# Vesuvius specific cleaning.



## Rom (Jan 20, 2017)

Group cleaning / descaling

Machine cleaning / descaling.

Could you post your link(s) here @DavecUK better than them getting lost in that other thread. Cheers mate, appreciated as always.


----------



## DavecUK (Aug 6, 2013)

What links?

There might be something on the Vesuvius forum, I don't remember, you could search there. I never need to descale my machines because I use boiler safe water, so TBH I don't worry about it very often. If I add a section about descaling in a user guide, it's more luck than need. I am pretty sure i did a little bit in the Minima user guide for descaling, that would be fairly similar. You can download that from the ACS website.


----------



## Rom (Jan 20, 2017)

I asked you in the other thread about cleaning and you asked if I meant Exterior, Group or V in general? So I wrongly assumed you had some links that you could post once you knew what I was after. My machine doesn't need cleaning either as I haven't used it since it's been up for sale, I just thought it might be useful to know..



DavecUK said:


> What links?


----------



## DavecUK (Aug 6, 2013)

I thought you had seen something I had posted, or linked to?


----------



## MrOrk (Apr 17, 2018)

Here's the descale link I found https://www.tapatalk.com/groups/vesuvius/viewtopic.php?t=196&amp=1


----------



## DavecUK (Aug 6, 2013)

You see I forget....so much to remember. It's because I have the knowledge within me...I don't need links.


----------



## MrOrk (Apr 17, 2018)

This subforum should definitely be called 'ask @DavecUK '


----------



## Stevebee (Jul 21, 2015)

Never descaled - just use bottled water so hopefully won't have to.

Once a week remove, clean and lube the lever cam with molykote 111 if it looks like it needs it. DaveC has a useful video on Wikidot/Youtube showing how it's done. I do it this often as I pull over 200 coffees at Farmers markets on the weekend plus my own use during the week so I roughly worked out that once every 2 weeks would be appropriate.

I don't wait for it to feel notchy, just do it regularly. Other than that just remove and clean the water tank.

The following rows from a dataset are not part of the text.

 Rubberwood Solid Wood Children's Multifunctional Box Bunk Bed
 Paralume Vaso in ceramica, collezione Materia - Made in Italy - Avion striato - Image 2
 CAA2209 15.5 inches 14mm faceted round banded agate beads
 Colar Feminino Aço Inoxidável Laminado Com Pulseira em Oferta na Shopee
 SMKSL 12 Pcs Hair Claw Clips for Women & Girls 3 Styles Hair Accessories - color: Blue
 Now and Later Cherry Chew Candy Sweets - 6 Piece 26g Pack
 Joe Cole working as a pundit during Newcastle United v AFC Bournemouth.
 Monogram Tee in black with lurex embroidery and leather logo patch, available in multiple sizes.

Removing the screen and cleaning obviously much more frequently but that is dead easy and quick to do.


----------



## MrOrk (Apr 17, 2018)

I was wandering as I'm only going to use Ashbeck, what frequency for descaling would be appropriate......Dave...


----------



## DavecUK (Aug 6, 2013)

MrOrk said:


> I was wandering as I'm only going to use Ashbeck, what frequency for descaling would be appropriate......Dave...

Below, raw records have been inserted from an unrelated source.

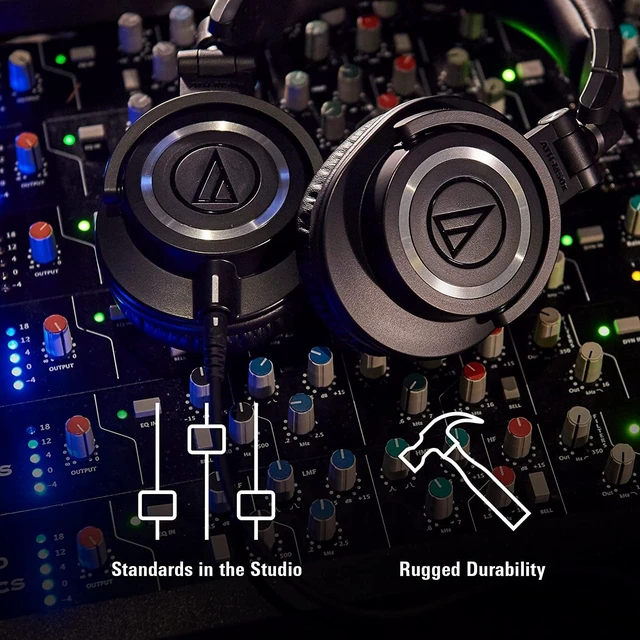 Alt view image 5 of 5 - Audio-Technica ATH-M50X Headphones Bundle, 10ft Extension Cable, Black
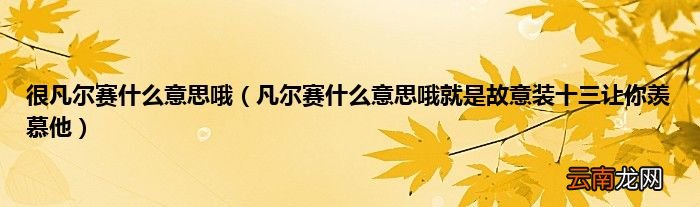 凡尔赛什么意思哦就是故意装十三让你羡慕他 很凡尔赛什么意思哦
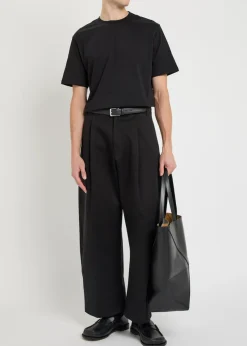 Peached pleated wide-leg cotton-twill trousers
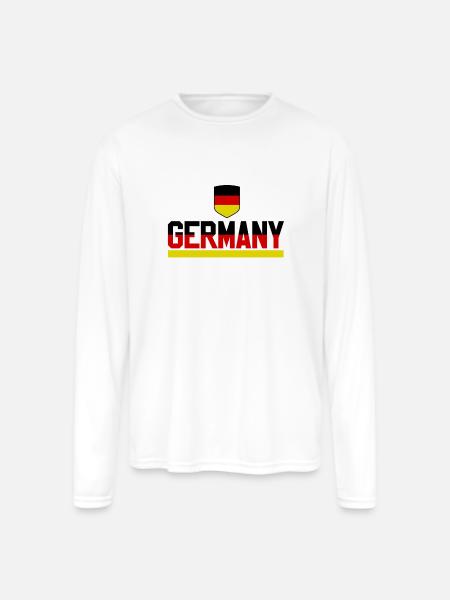 Germany Soccer - Men's Moisture Wicking Performance Long Sleeve T-Shirt - white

I don't know I don't use ashbeck and don't know how much you use per day? What's the composition, how much do you use?


----------



## MrOrk (Apr 17, 2018)

DavecUK said:


> I don't know I don't use ashbeck and don't know how much you use per day? What's the composition, how much do you use?












On average I use it for 2 flat whites a day, sorry yes, may have been useful to know.


----------



## DavecUK (Aug 6, 2013)

Perhaps descale a bit every 2 years...just remember there are other things in water that can gum things up a bit....It's why I have use RO. for over 15 years...plus I like the taste and don't have to bugger about with plastic bottles.

Important to lube the group and cam spindle where it passes through the viton rings in the group lever stem every 2-3 months though (or after any chemical backflush). If you don't after about 3-4 years it might start to drip from the spindle. The seals are pennies and very easy to fit. I think I bought a whole load of them about 12 years ago. In my spares box on top of the cupboard.


----------



## MrOrk (Apr 17, 2018)

Thanks Dave, I like those kind of intervals, it does seem quite an involved process, for a first timer anyway.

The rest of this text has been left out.